:: Recorded information
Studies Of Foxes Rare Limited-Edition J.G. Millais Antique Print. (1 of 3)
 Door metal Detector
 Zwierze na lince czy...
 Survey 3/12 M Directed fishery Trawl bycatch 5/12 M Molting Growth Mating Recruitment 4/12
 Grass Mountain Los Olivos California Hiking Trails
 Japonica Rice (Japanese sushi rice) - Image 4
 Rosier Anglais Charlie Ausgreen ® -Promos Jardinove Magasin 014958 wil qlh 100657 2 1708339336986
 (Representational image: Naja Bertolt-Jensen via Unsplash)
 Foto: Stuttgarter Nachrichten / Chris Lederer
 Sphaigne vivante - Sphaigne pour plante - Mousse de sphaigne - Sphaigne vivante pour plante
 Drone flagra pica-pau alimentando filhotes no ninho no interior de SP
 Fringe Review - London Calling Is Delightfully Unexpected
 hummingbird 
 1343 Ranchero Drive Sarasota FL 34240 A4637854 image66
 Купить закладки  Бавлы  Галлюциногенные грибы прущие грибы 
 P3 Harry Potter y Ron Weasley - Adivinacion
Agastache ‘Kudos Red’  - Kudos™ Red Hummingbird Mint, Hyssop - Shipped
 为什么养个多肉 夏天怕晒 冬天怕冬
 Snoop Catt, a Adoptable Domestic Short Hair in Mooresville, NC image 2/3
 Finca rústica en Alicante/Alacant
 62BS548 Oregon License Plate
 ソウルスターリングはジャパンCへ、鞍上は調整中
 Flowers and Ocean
::::
# Required action
Through the last line of the entries above, beginning at the line containing "Finca rústica en Alicante/Alacant", transcribe each line exactly, both ends included and nothing more.

# Written solution
 Finca rústica en Alicante/Alacant
 62BS548 Oregon License Plate
 ソウルスターリングはジャパンCへ、鞍上は調整中
 Flowers and Ocean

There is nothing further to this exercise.